## What needs to be done
Could you give the data that follows again exactly, without its pictures?

## Data shown

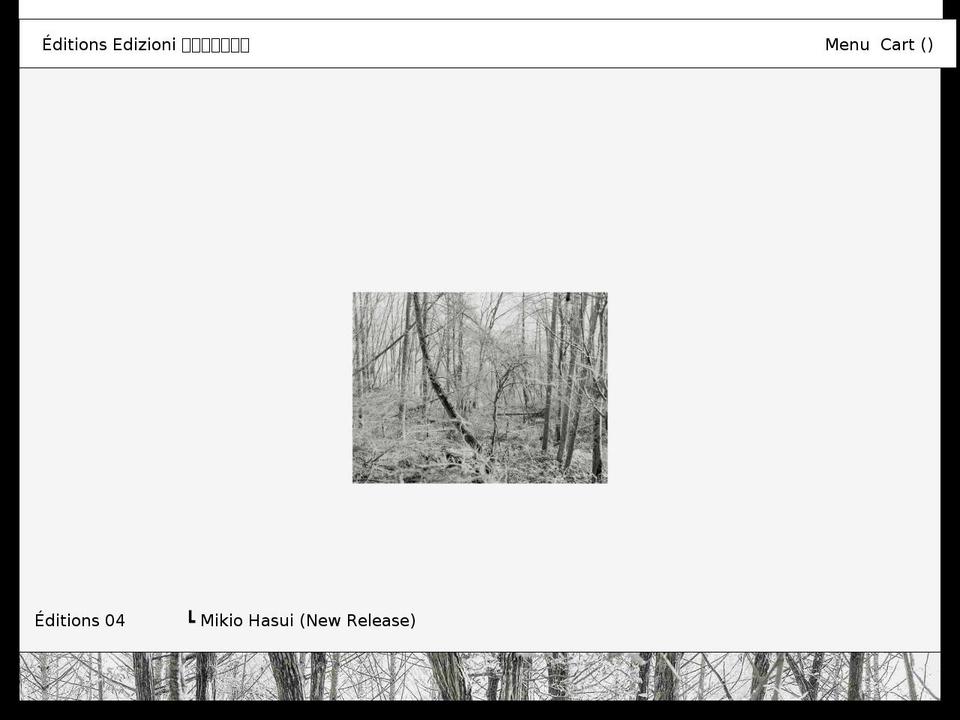 editions02.com shopify website screenshot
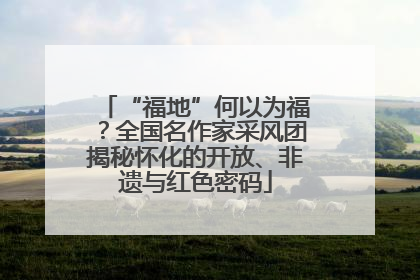 “福地”何以为福？全国名作家采风团揭秘怀化的开放、非遗与红色密码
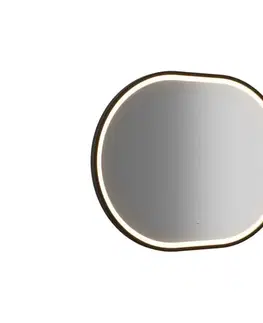 Zrkadlá ArtCom LED zrkadlo APOLLO 2 | čierna 90 x 70 cm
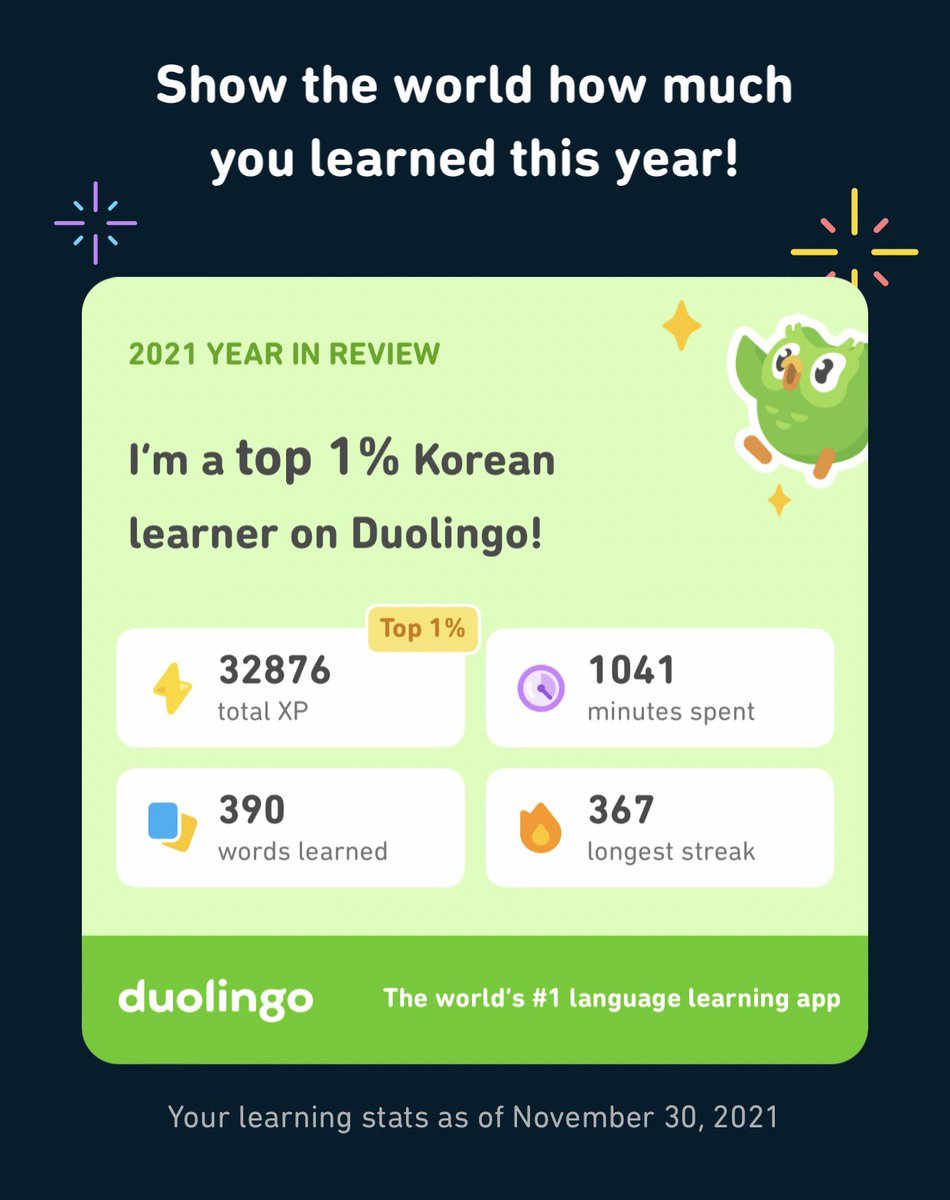 ymisoweird's tweet photo. hey @duolingo bestie i’m top 1% 🥰 https://t.co/6yJo6ZaOwf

## Written reply
 editions02.com shopify website screenshot
 “福地”何以为福？全国名作家采风团揭秘怀化的开放、非遗与红色密码
 Zrkadlá ArtCom LED zrkadlo APOLLO 2 | čierna 90 x 70 cm
 ymisoweird's tweet photo. hey @duolingo bestie i’m top 1% 🥰 https://t.co/6yJo6ZaOwf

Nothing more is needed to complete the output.